One thing I’m wondering lately is how good we’re doing with these open spaces in the schedule. How much re-creating is happening when we recreate?
You know my heart on this because you’ve done it too. An empty weekend day begins with all the possibilities. A good book that’s gathering dust on your bedside table. A garden that needs to be cut back in order for perennials to regrow well next spring. A board game half played on the dining table. A new hiking spot you’ve talked about for weeks. A carrot cake you’ve promised a child you can bake together.

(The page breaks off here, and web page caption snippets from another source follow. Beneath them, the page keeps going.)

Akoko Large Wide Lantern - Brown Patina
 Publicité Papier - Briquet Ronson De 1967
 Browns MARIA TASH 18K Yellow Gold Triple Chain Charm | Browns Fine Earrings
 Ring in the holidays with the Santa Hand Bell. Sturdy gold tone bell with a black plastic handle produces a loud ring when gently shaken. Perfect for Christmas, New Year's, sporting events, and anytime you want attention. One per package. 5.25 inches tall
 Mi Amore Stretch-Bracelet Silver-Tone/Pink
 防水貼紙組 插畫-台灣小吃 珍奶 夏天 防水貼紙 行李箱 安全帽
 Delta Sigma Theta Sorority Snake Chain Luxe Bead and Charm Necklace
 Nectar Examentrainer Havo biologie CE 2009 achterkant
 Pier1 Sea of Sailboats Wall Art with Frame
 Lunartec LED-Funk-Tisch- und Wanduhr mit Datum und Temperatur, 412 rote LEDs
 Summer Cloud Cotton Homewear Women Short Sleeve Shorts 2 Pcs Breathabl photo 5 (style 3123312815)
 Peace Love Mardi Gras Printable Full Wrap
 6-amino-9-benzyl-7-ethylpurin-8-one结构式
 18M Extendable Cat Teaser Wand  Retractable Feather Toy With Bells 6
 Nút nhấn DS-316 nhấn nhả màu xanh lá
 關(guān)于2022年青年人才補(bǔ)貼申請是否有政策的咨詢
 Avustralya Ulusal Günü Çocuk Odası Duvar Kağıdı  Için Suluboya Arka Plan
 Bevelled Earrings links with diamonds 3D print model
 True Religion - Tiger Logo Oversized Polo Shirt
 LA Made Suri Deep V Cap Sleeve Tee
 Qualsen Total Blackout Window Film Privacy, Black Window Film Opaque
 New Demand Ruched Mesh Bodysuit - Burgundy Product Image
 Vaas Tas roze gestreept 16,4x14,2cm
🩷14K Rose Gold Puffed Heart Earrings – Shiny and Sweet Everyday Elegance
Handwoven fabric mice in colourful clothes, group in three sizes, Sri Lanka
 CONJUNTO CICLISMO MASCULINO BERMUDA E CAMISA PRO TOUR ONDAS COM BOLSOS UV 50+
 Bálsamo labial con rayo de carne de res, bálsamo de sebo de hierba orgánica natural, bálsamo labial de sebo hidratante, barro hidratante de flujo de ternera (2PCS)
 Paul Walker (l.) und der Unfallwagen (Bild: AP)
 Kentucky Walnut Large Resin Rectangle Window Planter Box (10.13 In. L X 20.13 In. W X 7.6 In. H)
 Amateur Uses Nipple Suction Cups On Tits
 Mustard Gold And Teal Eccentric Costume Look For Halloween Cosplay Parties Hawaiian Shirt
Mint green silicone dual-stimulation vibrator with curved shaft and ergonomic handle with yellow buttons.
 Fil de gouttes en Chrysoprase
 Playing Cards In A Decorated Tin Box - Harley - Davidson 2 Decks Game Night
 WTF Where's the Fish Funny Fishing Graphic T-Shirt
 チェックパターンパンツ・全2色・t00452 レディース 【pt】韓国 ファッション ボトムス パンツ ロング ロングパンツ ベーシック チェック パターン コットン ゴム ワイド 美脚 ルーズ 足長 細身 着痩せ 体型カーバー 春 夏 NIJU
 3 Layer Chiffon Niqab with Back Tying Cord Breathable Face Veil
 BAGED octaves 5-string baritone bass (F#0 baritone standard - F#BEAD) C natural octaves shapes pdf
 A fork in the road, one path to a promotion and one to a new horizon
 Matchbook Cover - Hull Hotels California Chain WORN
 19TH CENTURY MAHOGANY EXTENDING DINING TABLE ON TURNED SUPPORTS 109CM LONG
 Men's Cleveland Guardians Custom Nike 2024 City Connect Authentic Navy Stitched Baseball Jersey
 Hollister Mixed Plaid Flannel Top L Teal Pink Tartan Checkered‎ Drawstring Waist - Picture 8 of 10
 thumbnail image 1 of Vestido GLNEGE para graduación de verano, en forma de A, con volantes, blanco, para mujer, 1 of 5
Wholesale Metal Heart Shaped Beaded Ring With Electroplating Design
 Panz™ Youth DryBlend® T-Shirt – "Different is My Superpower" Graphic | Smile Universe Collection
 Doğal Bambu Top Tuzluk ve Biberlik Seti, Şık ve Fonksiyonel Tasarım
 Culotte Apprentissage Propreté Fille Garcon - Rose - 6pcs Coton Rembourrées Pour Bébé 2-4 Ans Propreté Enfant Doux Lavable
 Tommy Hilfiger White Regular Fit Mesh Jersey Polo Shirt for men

And then the day just. . . happens.
As you jump back into work and school and life on Monday, you realize—with frustration—that though your weekend was full of recreation (fun or relaxing activity; peaceful camaraderie or rest), you may have done little to re-create (begin anew).
How can we become more intentional with this open space we’ve been given? With these margins? How can we use time more wisely so that when the day is done, it can be said we did more to re-create than recreate?
I went into last weekend with a re-create mindset and gave weight to each activity we contemplated both Saturday and Sunday, then sat down with Graham and the kids Friday evening to talk about it. We discussed the must-do’s: pick up the farm share, a soccer game at 3, coffee with a friend, teaching the children’s lesson on Sunday morning—then chatted through the want-to’s.
We cheered for an ice cream date after Saturday’s soccer game, a family board game night, a woods walk. Begrudgingly, the kids agreed to weed the space next to the driveway as a family chore, and we agreed to a dollar store date post-weeding. And a Saturday night date for two weary parents.
Certainly not every weekend will lend itself to relaxing activities, peaceful camaraderie or intentional rest, much less being created anew, but giving a wholehearted yes to make space for re-creation when possible is the first, strong step to actually doing the thing.